Dschungelheld Akim wird von Tibor abgelöst
Zwei Jahr später übernahm der Verlag die italienische Serie um den Dschungelhelden Akim, die ebenfalls Wäscher übertragen wurde. Als es 1959 Rechtsstreitigkeiten gab, wurde Tibor, der Sohn des Dschungels, geboren - eine Serie, für die zum Teil alte Akim-Abenteuer recycelt wurden: Der bis dahin gelbe Leopardenfellschurz des Protagonisten wurde einfach schwarz gefärbt.
Mit Nick zu den Sternen
Bereits ein Jahr zuvor - 1958 - hatte Wäscher den Griff nach den Sternen gewagt: Der sowjetische „Sputnik“ war damals in aller Munde. Aus Sputnik entstand der Name „Nick“: Nick, der Weltraumfahrer, brach auf ins Universum und erlebte fantastische Abenteuer in Raum und Zeit. Eine zweite Ritter-Reihe startete im Jahr 1960: Falk, wie Sigurd ein blonder Hüne in rotem Wams nur mit etwas zahmerer Frisur, sollte eigentlich den Nibelungenhelden ablösen. Doch die jungen Leser wollten auf den Helden mit der von der Bundesprüfstelle für jugendgefährdende Schriften geschmähten „Halbstarken-Tolle“ nicht verzichten. So hatte Wäscher schließlich „beide am Hals“, wie er sich ausdrückte.
Von Lehning zu Hethke
Nach dem Ende des Lehning-Verlags (die Konkurrenz durch die Bastei-Titel wie „Bessy“ wurde erdrückend) arbeitete Wäscher für die Verlage Kölling und Bastei, zeichnete „Nizar, der Tiger-Boy“, „Buffalo Bill“ und „Gespenster Geschichten“. In den 80ern erlebten seine Helden eine Wiederauferstehung in den Alben des Norbert Hethke Verlags, der Sigurd, Nick, Falk und Akim in Alben wieder auflegte. Aber Wäscher lieferte auch neue Abenteuer seiner Helden und legte die neue Serie „Fenrir“ vor. Mit dem Tod des Verlegers im Jahr 2007 endete die Zeit der Hethke-Alben.

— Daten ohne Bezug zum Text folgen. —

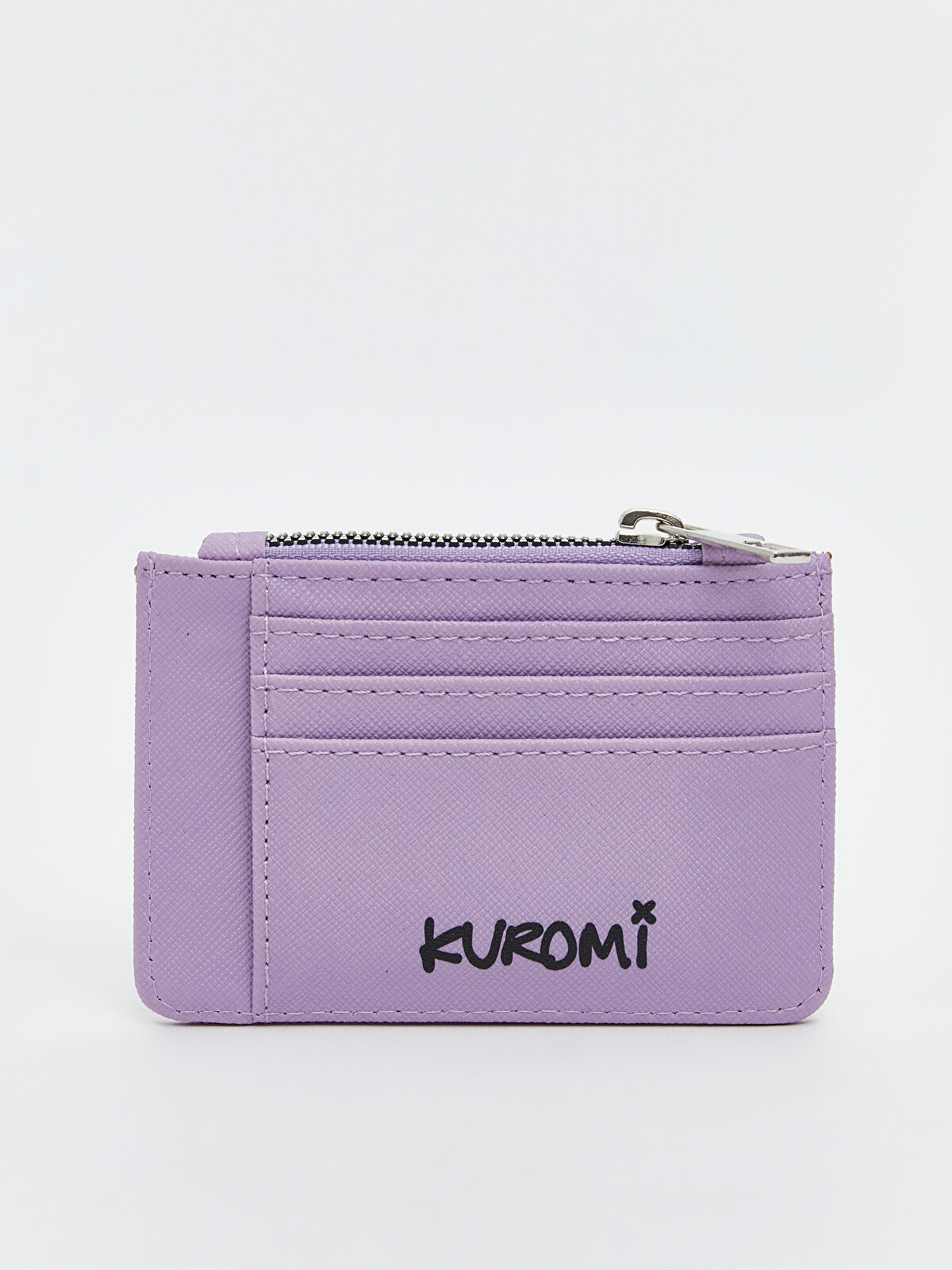 LCW ACCESSORIES Kuromi Printed Faux Leather Girls' Wallet
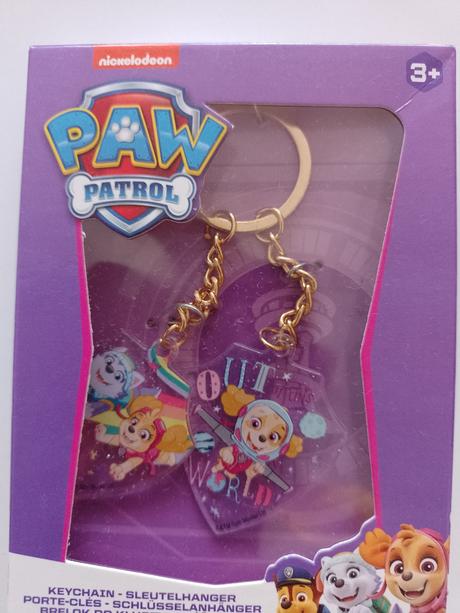 Kľúčenka labková patrola,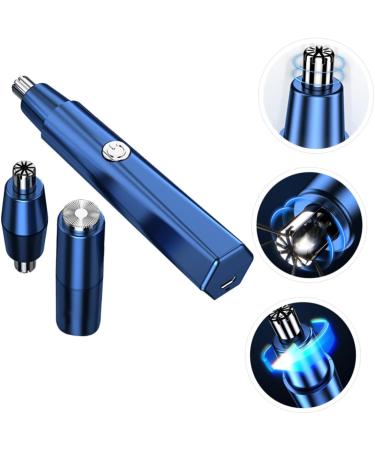 Beavorty Nasal Hair Trimmer Set for Women & Men - Electric Facial Razor Beard Scissors & Epilator - Buy Online on GoSupps.com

Produktivster deutscher Comiczeichner
Wäscher hat in seiner über fünf Jahrzehnte währenden Schaffenszeit ein umfangreiches Oeuvre veröffentlicht. 1993 wurde er als produktivster deutscher Comiczeichner ins Guinness-Buch der Rekorde aufgenommen. Dass die einst als Schund verschrienen Abenteuer inzwischen als Klassiker gelten, dass er selbst mit Preisen wie jetzt dem „Peng!“ für sein Lebenswerk ausgezeichnet wurde, erfüllte offenbar nicht nur seine Fans, sondern auch seine Kollegen mit großer Befriedigung. So ist das Album „Pionier der Comics“ ein sehr persönliches Buch geworden, in dem jeder der beteiligten Zeichner sich auf seine ureigenste Art vor dem Meister verneigt.
Wäscher - Pionier der Comics. Eine Hommage an Hansrudi Wäscher. Katalog zur gleichnamigen Ausstellung auf dem Münchner Comicfestival 2009. Edition 52. Album, 65 Seiten. Euro 13.